A Pandemic’s Shock Value

The timing couldn’t have been better. Just as Waste Farmers finished its best quarter ever, the global economy was slammed by the outbreak of the COVID-19 pandemic. In retrospect, Maxfield believes his company wouldn’t have been able to navigate its unprecedented challenges without the groundwork they covered in 2019.

“Moments like these, these shocks, invoke a level of focus and immediacy,” he said. “In a way, I am grateful for what’s happening right now. It reveals various weaknesses and systems that you have to change and build upon. The tendency is for people to say, ‘This is happening because of COVID or xyz.’ But no, it’s not.
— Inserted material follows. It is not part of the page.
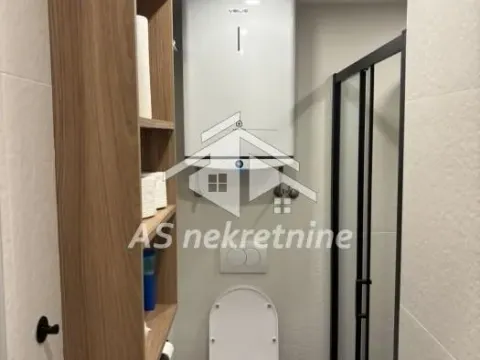 Izdavanje, dvosoban stan, 55m², Stari Grad, Beograd - image 19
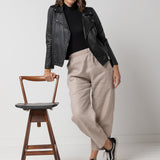 Style Arc - Bob Woven Pant 4-16 - Paper Sewing Pattern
COVID is not creating problems; it’s highlighting problems that already existed. … This will pass, and there will be strength and resiliency created by and through it.”

For Maxfield, the success of his company is rooted in its ability to adapt and change with a group of people who are in it for the long haul.

“We need to encourage people to keep going and build companies, not just start the next new thing,” he said. “That’s just making rich people richer. We need to celebrate company builders. … So keep asking yourself: What are you passionate about? What do you want to wake up for? And then go create it. Don’t get tied to one path. Be adaptable, because things take twice as long and cost twice as much as you’d think — which is a good thing.”